What needs to be done
Please set down every entry below exactly as given.

(Excerpted data)

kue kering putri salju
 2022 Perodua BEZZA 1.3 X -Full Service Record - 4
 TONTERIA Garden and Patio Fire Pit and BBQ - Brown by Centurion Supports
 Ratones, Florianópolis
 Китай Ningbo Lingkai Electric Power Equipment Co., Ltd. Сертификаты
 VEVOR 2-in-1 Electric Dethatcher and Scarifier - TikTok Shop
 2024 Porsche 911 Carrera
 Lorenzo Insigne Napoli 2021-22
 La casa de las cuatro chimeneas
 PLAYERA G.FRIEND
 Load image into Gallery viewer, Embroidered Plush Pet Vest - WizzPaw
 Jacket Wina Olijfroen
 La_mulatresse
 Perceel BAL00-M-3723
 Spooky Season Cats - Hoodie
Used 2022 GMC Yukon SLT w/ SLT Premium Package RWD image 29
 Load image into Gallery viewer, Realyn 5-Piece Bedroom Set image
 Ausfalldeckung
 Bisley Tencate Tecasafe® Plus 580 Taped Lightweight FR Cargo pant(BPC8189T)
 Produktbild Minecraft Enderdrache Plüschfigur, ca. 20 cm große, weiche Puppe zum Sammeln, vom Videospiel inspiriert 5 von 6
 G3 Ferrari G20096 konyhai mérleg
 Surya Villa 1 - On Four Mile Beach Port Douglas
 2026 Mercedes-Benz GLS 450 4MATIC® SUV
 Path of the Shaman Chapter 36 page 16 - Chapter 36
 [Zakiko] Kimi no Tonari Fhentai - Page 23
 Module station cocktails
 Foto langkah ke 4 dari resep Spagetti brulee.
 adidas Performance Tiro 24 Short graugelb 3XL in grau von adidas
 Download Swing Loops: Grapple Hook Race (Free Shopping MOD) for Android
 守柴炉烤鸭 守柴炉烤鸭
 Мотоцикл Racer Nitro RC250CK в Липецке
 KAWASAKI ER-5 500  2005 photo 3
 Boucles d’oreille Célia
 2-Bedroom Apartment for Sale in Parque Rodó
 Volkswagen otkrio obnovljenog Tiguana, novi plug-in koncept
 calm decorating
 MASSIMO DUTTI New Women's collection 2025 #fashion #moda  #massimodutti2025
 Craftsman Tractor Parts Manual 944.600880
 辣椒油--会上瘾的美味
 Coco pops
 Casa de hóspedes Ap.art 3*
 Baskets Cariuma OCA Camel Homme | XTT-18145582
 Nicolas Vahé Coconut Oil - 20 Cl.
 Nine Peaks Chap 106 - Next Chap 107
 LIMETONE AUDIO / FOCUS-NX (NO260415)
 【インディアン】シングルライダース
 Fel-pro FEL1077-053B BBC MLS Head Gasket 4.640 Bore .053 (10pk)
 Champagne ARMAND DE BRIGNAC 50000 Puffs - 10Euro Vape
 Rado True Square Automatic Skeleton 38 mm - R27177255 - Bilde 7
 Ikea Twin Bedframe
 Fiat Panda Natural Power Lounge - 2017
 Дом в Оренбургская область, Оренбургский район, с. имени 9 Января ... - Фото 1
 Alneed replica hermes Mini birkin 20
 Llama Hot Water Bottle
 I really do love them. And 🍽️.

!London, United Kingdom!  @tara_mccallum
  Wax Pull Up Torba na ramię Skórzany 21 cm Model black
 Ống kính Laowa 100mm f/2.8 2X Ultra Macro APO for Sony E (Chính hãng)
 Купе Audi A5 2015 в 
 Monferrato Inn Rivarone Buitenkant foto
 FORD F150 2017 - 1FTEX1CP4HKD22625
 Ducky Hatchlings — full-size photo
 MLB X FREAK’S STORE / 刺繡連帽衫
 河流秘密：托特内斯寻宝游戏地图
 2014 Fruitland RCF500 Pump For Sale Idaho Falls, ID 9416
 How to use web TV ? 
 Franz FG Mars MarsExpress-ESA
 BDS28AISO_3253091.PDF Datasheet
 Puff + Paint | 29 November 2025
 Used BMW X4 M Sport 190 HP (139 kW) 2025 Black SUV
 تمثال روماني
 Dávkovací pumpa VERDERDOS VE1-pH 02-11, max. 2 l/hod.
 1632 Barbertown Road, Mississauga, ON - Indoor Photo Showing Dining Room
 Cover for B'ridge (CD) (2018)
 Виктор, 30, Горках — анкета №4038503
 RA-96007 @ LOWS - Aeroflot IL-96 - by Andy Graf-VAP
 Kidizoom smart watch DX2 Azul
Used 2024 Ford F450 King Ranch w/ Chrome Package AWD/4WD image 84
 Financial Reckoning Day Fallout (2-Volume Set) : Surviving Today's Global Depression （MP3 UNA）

(End Excerpted data)

Solution
kue kering putri salju
 2022 Perodua BEZZA 1.3 X -Full Service Record - 4
 TONTERIA Garden and Patio Fire Pit and BBQ - Brown by Centurion Supports
 Ratones, Florianópolis
 Китай Ningbo Lingkai Electric Power Equipment Co., Ltd. Сертификаты
 VEVOR 2-in-1 Electric Dethatcher and Scarifier - TikTok Shop
 2024 Porsche 911 Carrera
 Lorenzo Insigne Napoli 2021-22
 La casa de las cuatro chimeneas
 PLAYERA G.FRIEND
 Load image into Gallery viewer, Embroidered Plush Pet Vest - WizzPaw
 Jacket Wina Olijfroen
 La_mulatresse
 Perceel BAL00-M-3723
 Spooky Season Cats - Hoodie
Used 2022 GMC Yukon SLT w/ SLT Premium Package RWD image 29
 Load image into Gallery viewer, Realyn 5-Piece Bedroom Set image
 Ausfalldeckung
 Bisley Tencate Tecasafe® Plus 580 Taped Lightweight FR Cargo pant(BPC8189T)
 Produktbild Minecraft Enderdrache Plüschfigur, ca. 20 cm große, weiche Puppe zum Sammeln, vom Videospiel inspiriert 5 von 6
 G3 Ferrari G20096 konyhai mérleg
 Surya Villa 1 - On Four Mile Beach Port Douglas
 2026 Mercedes-Benz GLS 450 4MATIC® SUV
 Path of the Shaman Chapter 36 page 16 - Chapter 36
 [Zakiko] Kimi no Tonari Fhentai - Page 23
 Module station cocktails
 Foto langkah ke 4 dari resep Spagetti brulee.
 adidas Performance Tiro 24 Short graugelb 3XL in grau von adidas
 Download Swing Loops: Grapple Hook Race (Free Shopping MOD) for Android
 守柴炉烤鸭 守柴炉烤鸭
 Мотоцикл Racer Nitro RC250CK в Липецке
 KAWASAKI ER-5 500  2005 photo 3
 Boucles d’oreille Célia
 2-Bedroom Apartment for Sale in Parque Rodó
 Volkswagen otkrio obnovljenog Tiguana, novi plug-in koncept
 calm decorating
 MASSIMO DUTTI New Women's collection 2025 #fashion #moda  #massimodutti2025
 Craftsman Tractor Parts Manual 944.600880
 辣椒油--会上瘾的美味
 Coco pops
 Casa de hóspedes Ap.art 3*
 Baskets Cariuma OCA Camel Homme | XTT-18145582
 Nicolas Vahé Coconut Oil - 20 Cl.
 Nine Peaks Chap 106 - Next Chap 107
 LIMETONE AUDIO / FOCUS-NX (NO260415)
 【インディアン】シングルライダース
 Fel-pro FEL1077-053B BBC MLS Head Gasket 4.640 Bore .053 (10pk)
 Champagne ARMAND DE BRIGNAC 50000 Puffs - 10Euro Vape
 Rado True Square Automatic Skeleton 38 mm - R27177255 - Bilde 7
 Ikea Twin Bedframe
 Fiat Panda Natural Power Lounge - 2017
 Дом в Оренбургская область, Оренбургский район, с. имени 9 Января ... - Фото 1
 Alneed replica hermes Mini birkin 20
 Llama Hot Water Bottle
 I really do love them. And 🍽️.

!London, United Kingdom!  @tara_mccallum
  Wax Pull Up Torba na ramię Skórzany 21 cm Model black
 Ống kính Laowa 100mm f/2.8 2X Ultra Macro APO for Sony E (Chính hãng)
 Купе Audi A5 2015 в 
 Monferrato Inn Rivarone Buitenkant foto
 FORD F150 2017 - 1FTEX1CP4HKD22625
 Ducky Hatchlings — full-size photo
 MLB X FREAK’S STORE / 刺繡連帽衫
 河流秘密：托特内斯寻宝游戏地图
 2014 Fruitland RCF500 Pump For Sale Idaho Falls, ID 9416
 How to use web TV ? 
 Franz FG Mars MarsExpress-ESA
 BDS28AISO_3253091.PDF Datasheet
 Puff + Paint | 29 November 2025
 Used BMW X4 M Sport 190 HP (139 kW) 2025 Black SUV
 تمثال روماني
 Dávkovací pumpa VERDERDOS VE1-pH 02-11, max. 2 l/hod.
 1632 Barbertown Road, Mississauga, ON - Indoor Photo Showing Dining Room
 Cover for B'ridge (CD) (2018)
 Виктор, 30, Горках — анкета №4038503
 RA-96007 @ LOWS - Aeroflot IL-96 - by Andy Graf-VAP
 Kidizoom smart watch DX2 Azul
Used 2024 Ford F450 King Ranch w/ Chrome Package AWD/4WD image 84
 Financial Reckoning Day Fallout (2-Volume Set) : Surviving Today's Global Depression （MP3 UNA）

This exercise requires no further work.